# Activity
Reproduce, exactly and in full, the lines from the one with "2 bedroom flat to rent - Photo 2" through the one with "BMW 5 Series GT — миниатюра 10" in the data below; drop pictures.

# Exercise inputs

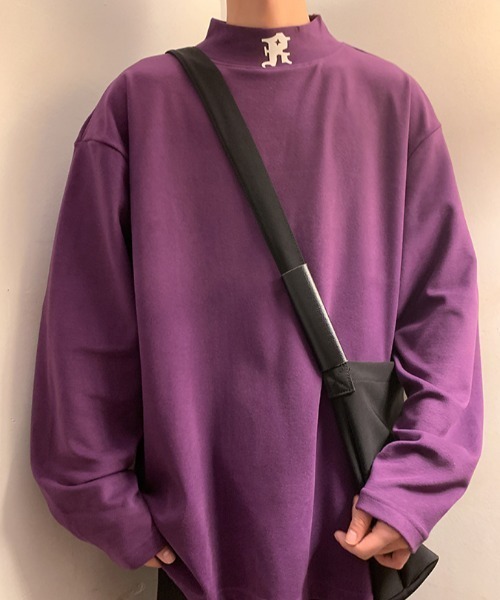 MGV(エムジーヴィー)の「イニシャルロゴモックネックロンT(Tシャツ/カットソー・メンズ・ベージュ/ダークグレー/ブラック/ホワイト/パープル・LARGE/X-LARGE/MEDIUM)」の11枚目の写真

...

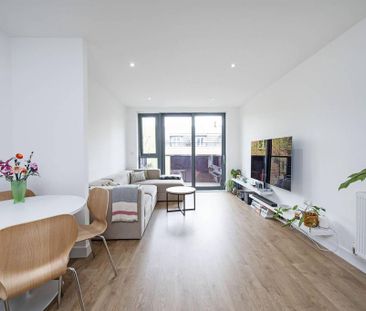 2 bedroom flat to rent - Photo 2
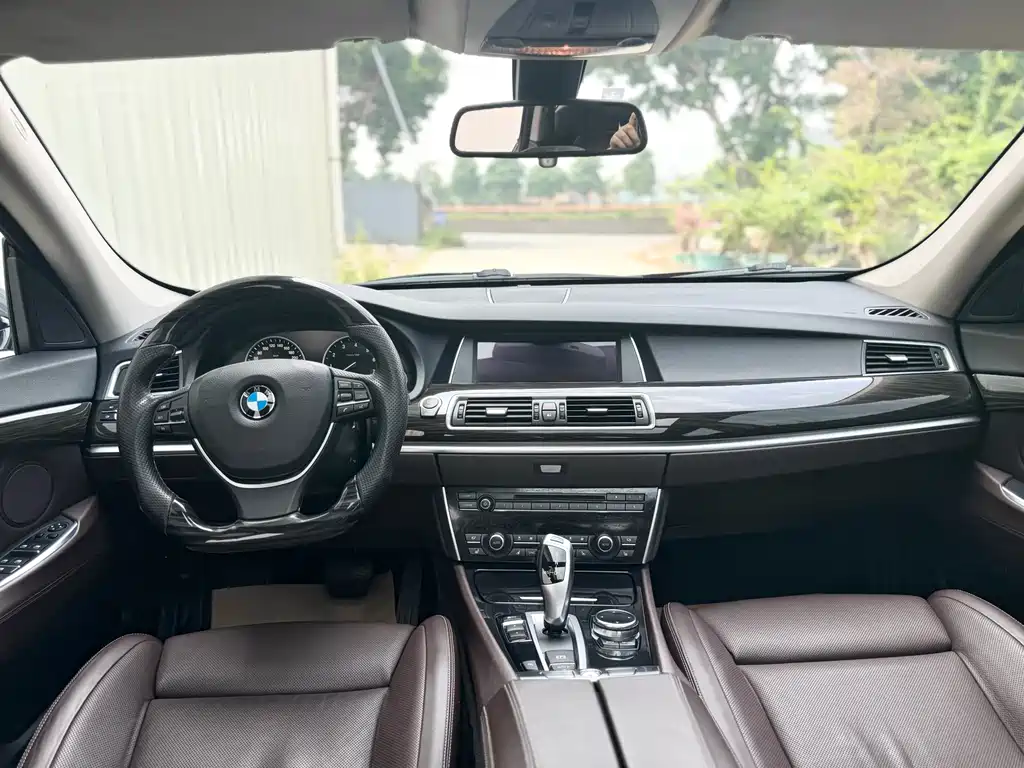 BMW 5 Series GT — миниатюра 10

# Reply
 2 bedroom flat to rent - Photo 2
 BMW 5 Series GT — миниатюра 10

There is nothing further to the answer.